An in silico approach to analyzing nuclear FRAP protein recovery curves using an extension of the Gillespie algorithm

摘要

Proper recruitment of repair proteins to the foci of DNA double-stranded breaks represent one instance of a fundamental reaction diffusion process in which the geometry and topology within an environment are critically important. Here present a novel computational method to analyze protein diffusion. Our method is based on a previously published extension of the Gillespie algorithm that includes diffusion in 3-D volumes. In particular, our method helps analyze FRAP (fluorescence recovery after photo-bleaching) recovery curves. Simulations are run in idealized nuclei with different geometries (i.e., spheres and cubes). Each nucleus is subdivided into cubic elements (about 64 000 in total) used to model diffusion. The program has 2 adjustable parameters: the initial average concentration of proteins, and the diffusion coefficient.

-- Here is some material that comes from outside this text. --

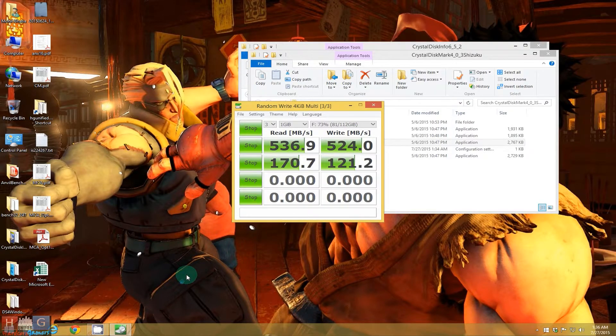I will be using this drive as an OS drive when Windows 10 comes out. This drive would save a lot of space and I'll store all my applications on it, which would speed up boot time and be a great help in my overall rendering and compression process.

As an illustration, we simulated the bleaching of regions of varying dimensions. Protein molecules of negligible volume were uniformly distributed throughout the simulatednucleus. Proteins had 2 states: fluorescent and bleached. At time 0, only fluorescent molecules were present. At the time of exposure, proteins in the selected region changed states (from, fluorescent to bleached) and the recovery of fluorescence owing to diffusion in the bleached region was measured. Our results are in agreement with previous studies and show that varying the initial nuclear protein concentration, the diffusion coefficients, or the geometry of bleached regions changes the FRAP recovery curve. Our study represents an initial step towards better understanding the impact of geometric elements, e.g., chro-matin fibers, on proteins as they diffuse into the bleached regions. This research is partially supported by the SCORE National Institutes of Health program grant No. 2S06GM52588-12 and the San Francisco State University Center for Computing in the Life Sciences.